The others around her began to murmur, half of the men  in the group eyeing Schuyler with lips curled in envy and the other half of bristling with anticipation. Amanda felt a hand touch her arm and turned to meet the friendly brown eyes of Douglas Warfield. The corners of his eyes crinkled in a smile, the wind whipping at his thick russet hair. He bent close to her ear, his breath tickling her skin.

             
“He won’t make it; the wind is too strong.”

             
“Why Mr.

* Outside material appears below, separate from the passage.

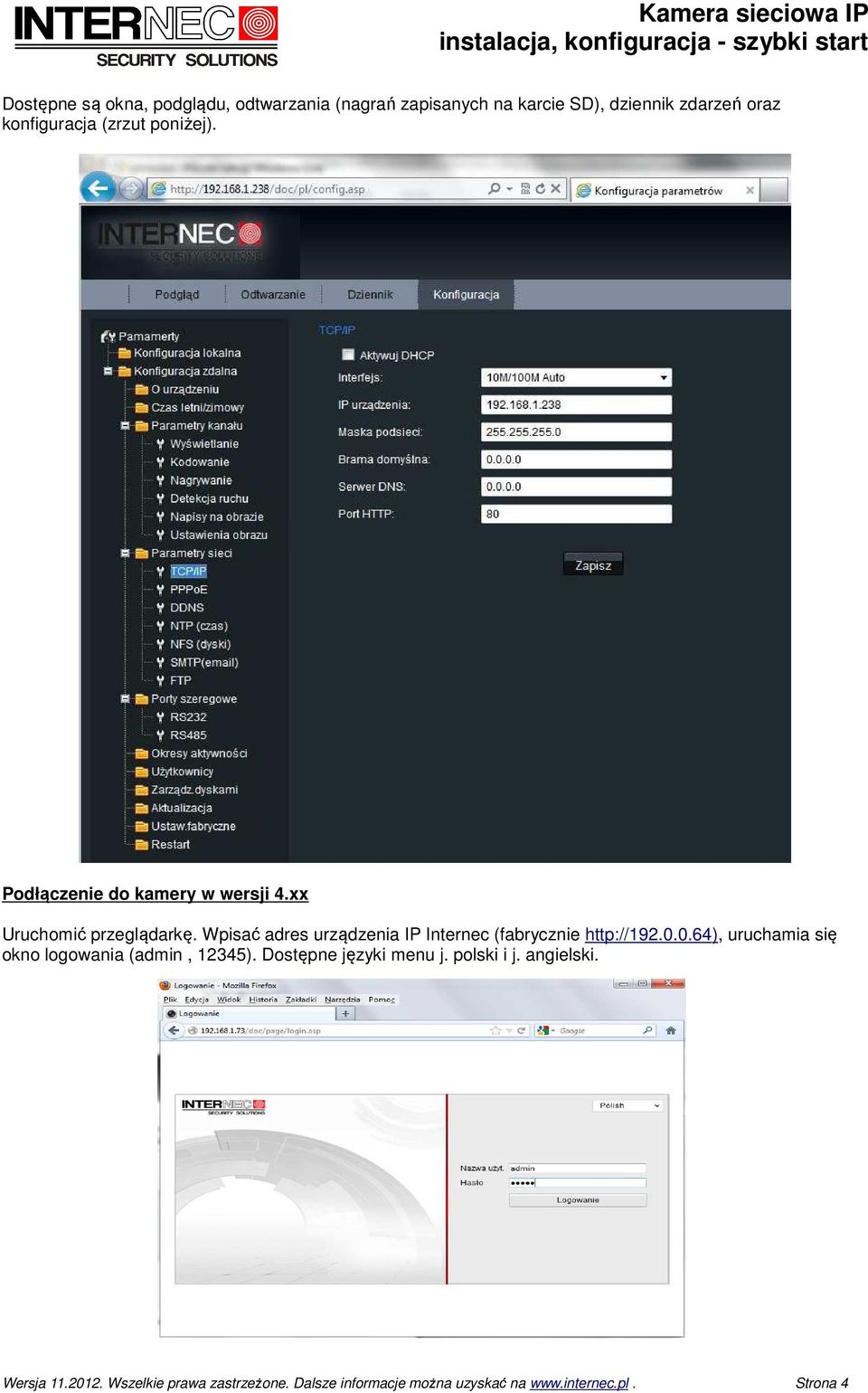 Wpisać adres urządzenia IP Internec (fabrycznie http://192.0.0.64), uruchamia się okno logowania (admin, 12345).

Warfield,” She raised a brow. “Are you trying to entice me into a wager?”

             
“Call me Douglas,” He smiled, flashing a row of white, even teeth.

             
“I think that would be just as improper as agreeing to bet on Mr. Schuyler’s golfing prowess. What would your mother think?”

             
“My mother thinks of me—and everything associated with me—as charming,” He placed a hand over his chest and closed his eyes with a beatific smile.

             
“She sounds like my father,”

             
“Ah,” Douglas looked serious. “The burdens of a doting parent.”

             
She smiled slightly and shrugged, uncomfortable with revealing so much of herself to a relative stranger. A nice, good-looking stranger, but a stranger nonetheless.

             
“Look, there he goes!” She shielded her eyes to watch Schuyler take his swing, his long, lean body twisted elegantly in the follow-through.

             
The plump man in the blue suit near Schuyler clapped profusely, unconscious of the perspiration darkening the fabric under his arms and dampening his hair beneath his straw boater. “Well done, Sky, well done!”

             
Schuyler ignored the man, as well as the claps and calls of appreciation from the spectators and fellow players. He briefly clasped the shoulder of his caddy before sauntering after his ball, arrogance radiating from every pore. Amanda only clapped enough to not appear rude, stopping the moment another player stepped up to place a tee and golf ball in the ground.

             
“I dread your reaction to my game,” Mr. Warfield murmured, his eyes widened in mock horror.

             
“You wouldn’t use the game as an opportunity to show off,”

             
“Schuyler is an alright chap, rather difficult to know, especially when he’s on the green. He’s very good—just as skilled as James Braid or Harry Vardon. He’s won most the amateur championships in the country.”

             
“I wouldn’t know who they are, but since you speak their names with such reverence, I assume they are very good too.” She scowled slightly. “But being better at something than most people doesn’t give you a right to treat others rudely.”

             
“Have I offended you?” Mr. Warfield looked appalled. “I apologize, Miss Vandewater.”

             
“I beg your pardon, Mr. Warfield,” She sighed apologetically. “I shouldn’t have taken my crossness with Mr. Schuyler out on you. I haven’t been in a good temper lately.”